Tentei escrever-te esta noite para que não restassem dúvidas, amar-te pode ser sinal de tudo ou pode ser sinal de nada, um olhar trespassado é quase idêntico a um olhar equivocado, se me amas sê gentil comigo e contigo próprio e entende que não sei porque o sinto mas que sinto a ânsia de algo mais, mesmo tendo-te a meu lado. As tréguas estão lançadas, o baralho está por partir, é a tua vez, fá-lo por mim, só preciso que me sejas forte o suficiente para me corrigir se estiver errada ou fraco o aceitável para me convenceres a permanecer na tua vida.
Pode parecer egoísta querer que a Primavera aconteça só na minha varanda, sem ter com quem partilhas as flores, mas não o é, se pensares bem descobrirás que a Primavera acontece mais dentro do coração do que fora do corpo, se pensares bem descobrirás que as tuas flores por mim murcharam e que já não existe Primavera na nossa varanda, não estamos na estação errada, o tempo não se apressou nem recuou, a vida é simplesmente composta pela irremediável mudança.

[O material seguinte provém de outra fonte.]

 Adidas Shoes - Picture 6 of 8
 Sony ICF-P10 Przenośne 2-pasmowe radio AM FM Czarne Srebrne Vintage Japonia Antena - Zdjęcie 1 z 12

É difícil fazer as malas e abandonar-te, por isso, por ser assim tão fraca, preciso que as faças tu por mim e que saias tu da minha vida, pela porta da minha casa. É inaceitável considerar que depois de tanto tempo o amor estagnou mas acontece, um raiar íntimo, inteiro e uno fez com que despertasse em mim a eterna necessidade de sentir, viver, agir, como se a diferença e a aventuras fossem as minhas práticas diárias.
Gosto de ti, não o poderia negar, nem nunca o negarei, dizer que és demais para mim é uma hipérbole, chamar-te bonito é patético, dizer que me cativas é eufemismo mas isso só não chega. Como eu gostava que chegasse! Como eu gostava de acenar a bandeira branca da paz a este impulso tão verdadeiro, tão real, tão assustador que nem me consigo conformar, confortar, não consigo sequer sentir o meu coração bater-me no peito.
É assim, este é o fim, um adeus não seria justo mas um até sempre nunca é demais...

Sabes onde eu estou, ao alcance de um ou dois passos apenas, sentada na cadeira ao lado.